I'm not sure we should take a DSM diagnosis to be particularly strong evidence of a "fundamental misunderstanding of the world". For instance, while people with delusions may clearly have poor models of the world, some research indicates that clinically depressed people may have lower levels of particular cognitive biases.
In order for "disregard for [...] the rights of others" to imply "a fundamental misunderstanding of the nature of the world", it seems to me that we would have to assume that rights are part of the nature of the world — as opposed to, e.g., a construct of a particular political regime in society. Or are you suggesting that psychopathy amounts to an inability to think about sociopolitical facts?

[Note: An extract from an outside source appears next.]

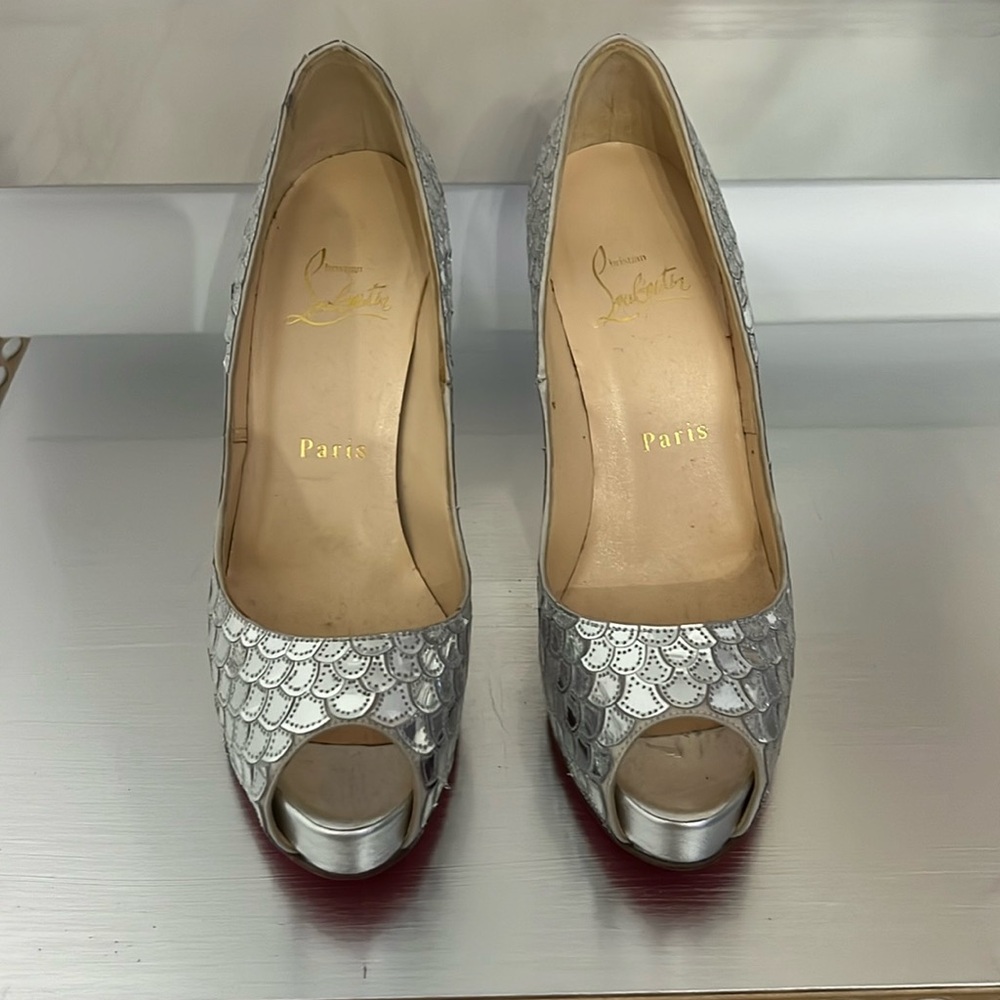 Christian Louboutin Silver sequence high heels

fubarobfusco, I share your reservations about DSM. Nonetheless, the egocentric illusion, i.e. I am the centre of the universe other people / sentient beings have only walk-on parts, is an illusion. Insofar as my behaviour reflects my pre-scientific sense that I am in some way special or ontologically privileged, I am deluded. This is true regardless of whether one's ontology allows for the existence of rights or treats them as a useful fiction. The people we commonly label "psychopaths" or "sociopaths" - and DSM now categorises as victims of "antisocial personality disorder" - manifest this syndrome of egocentricity in high degree. So does burger-eating Jane.
Huh, I hadn't heard that.
Clearly, reality is so Lovecraftian that any unbiased agent will immediately realize self-destruction is optimal. Evolution equipped us with our suite of biases to defend against this. The Great Filter is caused by bootstrapping superintelligences being compassionate enough to take their compatriots with them. And so on.